**Work required:** An exact transcription is needed of the lines below from the one with "Leena Aquamarine March Necklace" through the one with "Umbro Action Zestaw", with no other lines and no pictures.

**Information supplied:**
━━━━━━━━

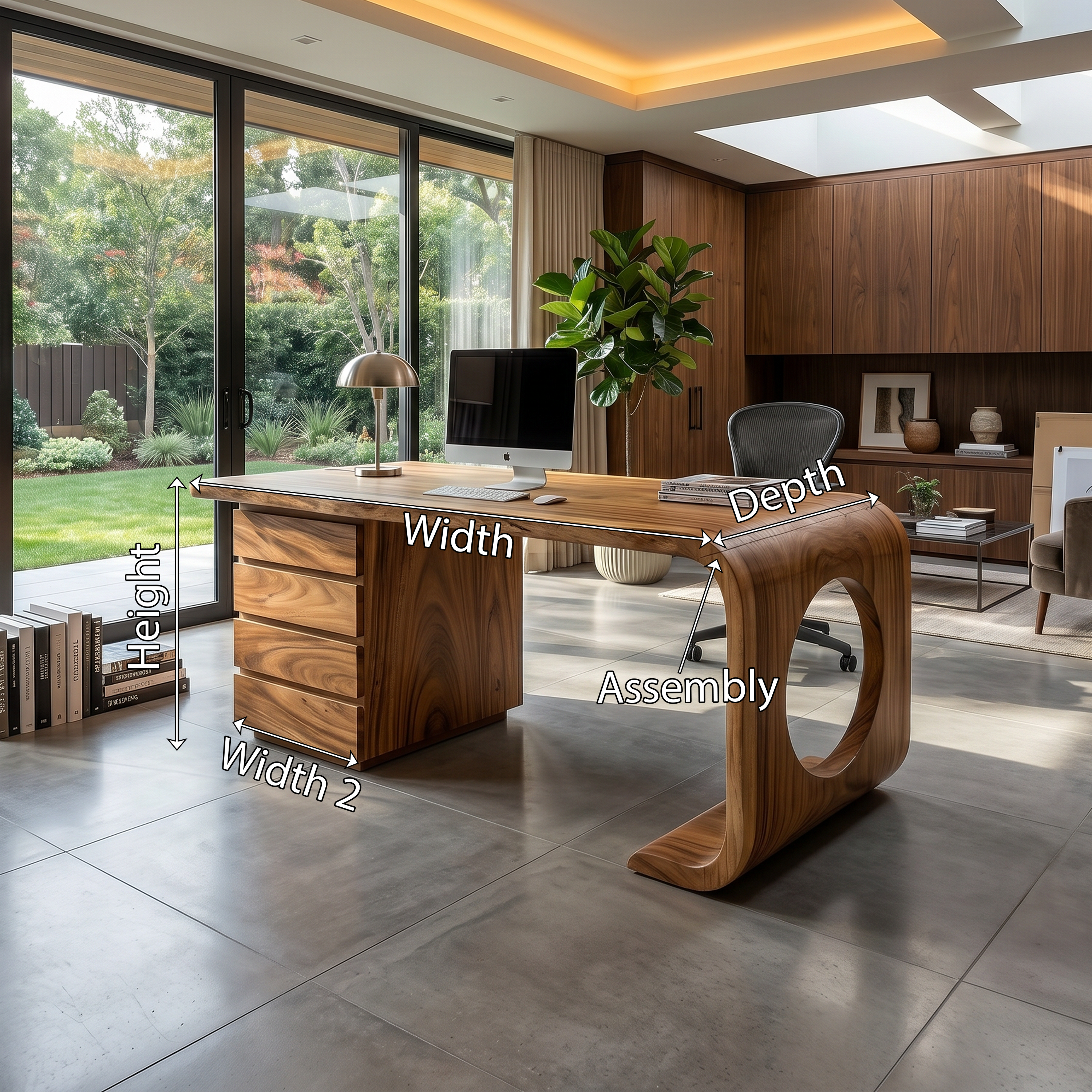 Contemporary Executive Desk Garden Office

━━━━━━━━

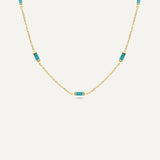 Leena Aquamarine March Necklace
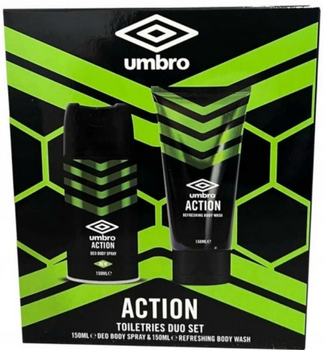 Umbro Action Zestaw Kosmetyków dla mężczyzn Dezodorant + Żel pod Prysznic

━━━━━━━━

**Your solution:**
 Leena Aquamarine March Necklace
 Umbro Action Zestaw Kosmetyków dla mężczyzn Dezodorant + Żel pod Prysznic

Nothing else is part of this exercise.